Am 1. August erklingt sie wieder überall: die schweizerische Landeshymne. Viel wurde über den „helvetischen Wetterbericht“ gelästert. Gewiss lässt sich einwenden, die Hymne sei zu pathetisch und nicht mehr zeitgemäss. Tatsache ist jedoch, dass der „Schweizerpsalm“ in den fast 40 Jahren als offizielle Landeshymne alle Bemühungen um Modernisierung überlebt hat.

1841 vom Zisterzienser Mönch Alberik Zwyssig auf einen Text des liberalen Zürchers Leonhard Widmer komponiert, stellt das Lied ein bemerkenswertes ökumenisches Zeugnis dar und bringt den Willen zur Einheit in einer Zeit politischer Unruhen zum Ausdruck. Aus heutiger Sicht ist Ökumene weiter zu fassen: Die Hymne verkündet nicht endgültige Wahrheiten, sondern ist offen genug, dass Menschen unterschiedlicher religiöser und weltanschaulicher Überzeugungen sich ihr anschliessen können. Ausgehend von Naturerfahrungen beschreibt der Text eine Wirklichkeit, die menschliches Fassungsvermögen übersteigt und der wir mit Ehrfurcht, Bescheidenheit und Dankbarkeit begegnen sollen.

Gott erscheint hocherhaben und unergründlich, aber auch menschenfreundlich und liebend, so dass wir uns in Zeiten der Not auf ihn verlassen, ihm vertrauen können.

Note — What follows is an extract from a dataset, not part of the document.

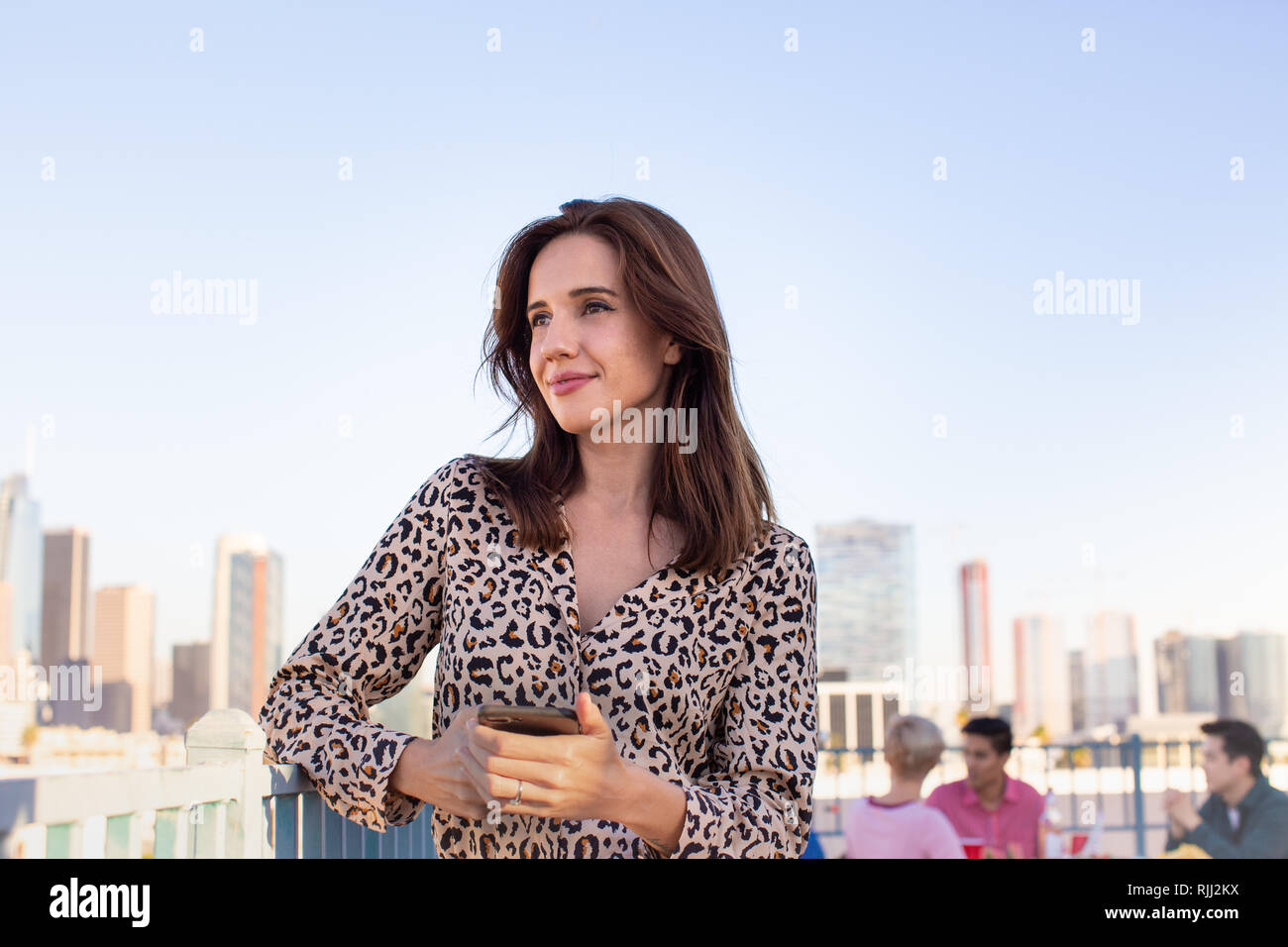 Junge erwachsene Frau mit Blick über die Stadt auf eine Dachterrasse mit Partei Stockfoto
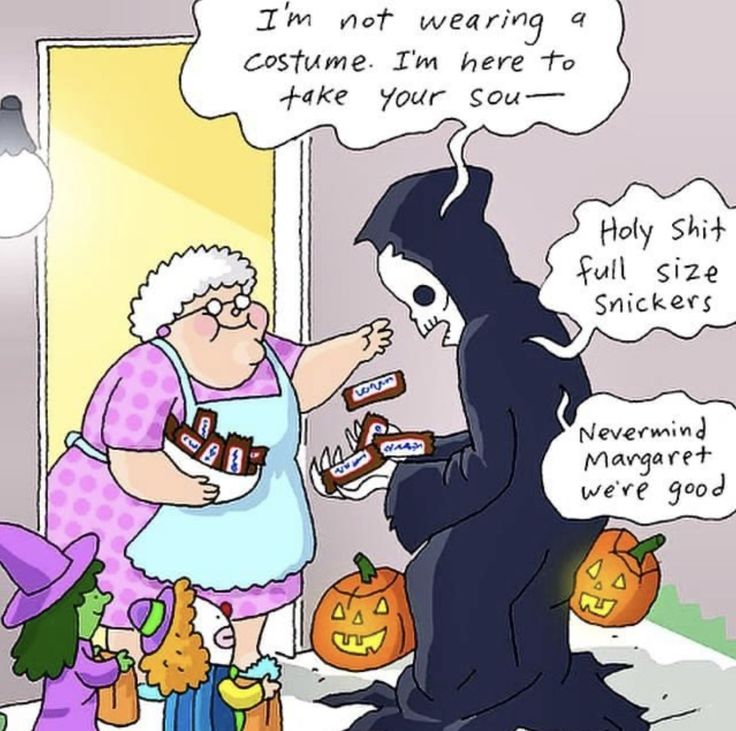 an older woman is handing out halloween treats to her cat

Der Aufruf „Betet, freie Schweizer“ lässt sich in einem erweiterten Sinn deuten als Aufforderung an alle Bewohnerinnen und Bewohner des Landes, gemeinsam innezuhalten und sich auf ein Drittes, „Höheres“ auszurichten, das alle verbindet (statt sich gegeneinander zu richten oder sich nur auf sich selbst zu beziehen).

Vielleicht ist die Hymne gerade in diesem Jahr besonders aktuell: in einer Zeit, in der ein Bundesrat von Bescheidenheit spricht, in der vieles ungewiss ist, in der wir Ferien im eigenen Land machen und die Naturschönheiten neu entdecken. Es ist zu hoffen, dass die Ahnung der Gegenwart Gottes im „Vaterland“ sich auf unser Verhalten untereinander und auf unseren Umgang mit der Umwelt, der Schöpfung Gottes, auswirkt.